Na realidade, não gosto de estrangeirismos banindo a originalidade do nosso Português Brasileiro, especialmente ingleses (o inglês é uma língua belíssima, mas para eles lá, acima da linha do Equador). Todavia, tenho que admitir que tal frase traduzida não produz o mesmo impacto. Pelo menos não em mim.
Bem-vindo ao meu silêncio! Descobri essa bendita ou maldita frase – depende do ponto de vista – na internet, em uma comunidade de um site de relacionamentos. Coisa que, atualmente é febre e todo mundo tem. Para se expor e dizer que é melhor do que todos pensam.
E já que também me encaixo em “todo mundo” (exposta, provando que eu não preciso provar nada a ninguém), da minha página passei para a de um amigo, e da página do meu amigo para a de uma pessoa que não conheço – pelo menos em tese – bisbilhotando, e aí, eis a frase.
Não sei para quê tanta explicação até agora, pois o que quero mesmo é falar do meu silêncio, coisa antiga.
Desenvolvi em mim uma prodigiosa habilidade para o silêncio. E olha que sou professora – ou deveria ser, pois é o que diz meu diploma. Não possuo habilidade para explicações. Somente para o silêncio.
Mas, com o passar do tempo, percebi que esse silêncio possuía vantagens e desvantagens: na dor, o silêncio é imprescindível. Melhor o silêncio do que a incompreensão. Contudo, há outras situações que falar é fundamental.
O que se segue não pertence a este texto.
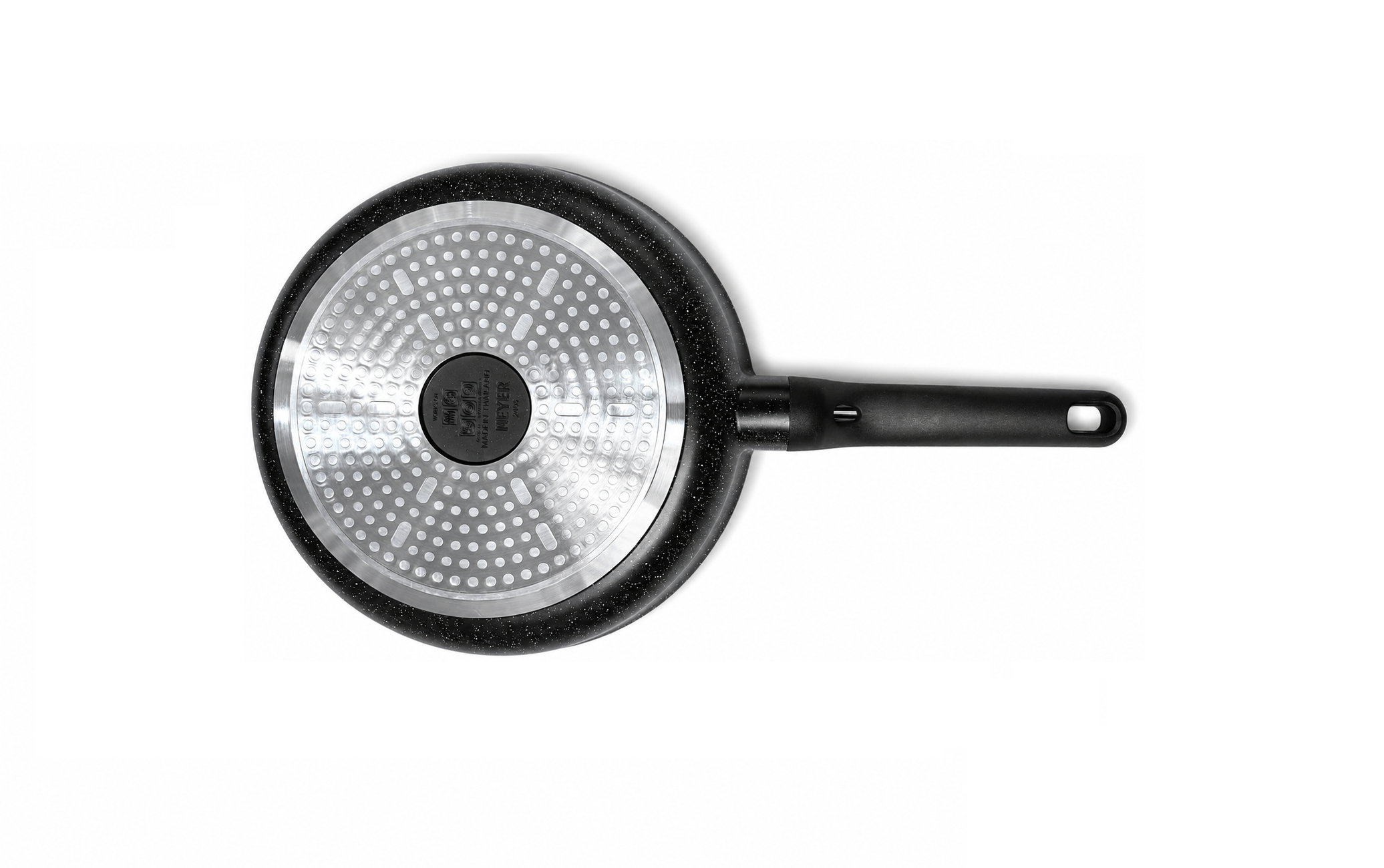 Kiam Fry Pan with Glass Lid Induction Friendly- 24 CM - Image 3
Foi em uma dessas situações que encontrei a desvantagem do silêncio.
Sabe quando você fica encantado? É, quando fica tão deslumbrado que nem consegue falar? Pois é, é aí que a língua tem de se soltar, expressar o léxico ativo ou passivo. E eu, no deslumbramento, fiquei apenas encantada, retraída, os pensamentos fervilhando numa velocidade assustadora, ganhando das palavras.
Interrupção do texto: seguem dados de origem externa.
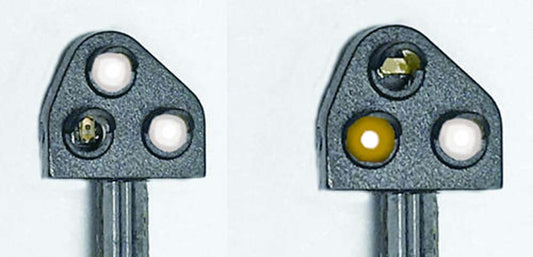Train Tech Ground Position Signal Kit - Original Yellow HO/OO Gauge TTGK4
Perdi o amor da minha vida? Não, ganhei uma experiência fantástica. Agora sei dirigir o meu silêncio. Meus pensamentos ainda são mais rápidos do que minhas palavras, não consigo expressar tudo o que se passa em minha cabeça – desperdício! Mas, já não me calo diante de certas situações.
Creio que fiquei devendo uma explicação sobre o site de relacionamentos na internet, contudo, a essa altura uma explanação não se faz necessária. Todos já estão cansados de saber do que se trata, alguns excluíram sua conta, e outros, como eu, participam da comunidade “Welcome to my silence!”
Eu não quero falar.

domingo, 8 de abril de 2012

Sobre a saudade (abril 2012)


Hoje doeu uma saudade. Daquela que vem de um não-sei-onde e instala aqui, miúda, quieta.
Instala e espalha.
Primeiro no coração. Depois na razão. Daqui a pouco, toma conta da vida.
Hoje doeu a incerteza do eterno.
Hoje interpretei de forma racional suas palavras. Elas gritaram outras estrofes.
E doeu.
Então, a saudade instalou-se aqui. E não quer mais ir embora.
Disse que fica, que procura outra habitação quando você vier falar com ela. Dizer que veio. E que fica.
E fica até quando couber  vida a nós.
Saudade matreira. Fica à espreita, esperando um descuido para doer.
Ela já bateu o pé, tão arredia que é. Disse que fica.
E vai doer até o dia que você voltar e desfazer a interpretação racional.
Enquanto isso, já prometeu doer todos os dias.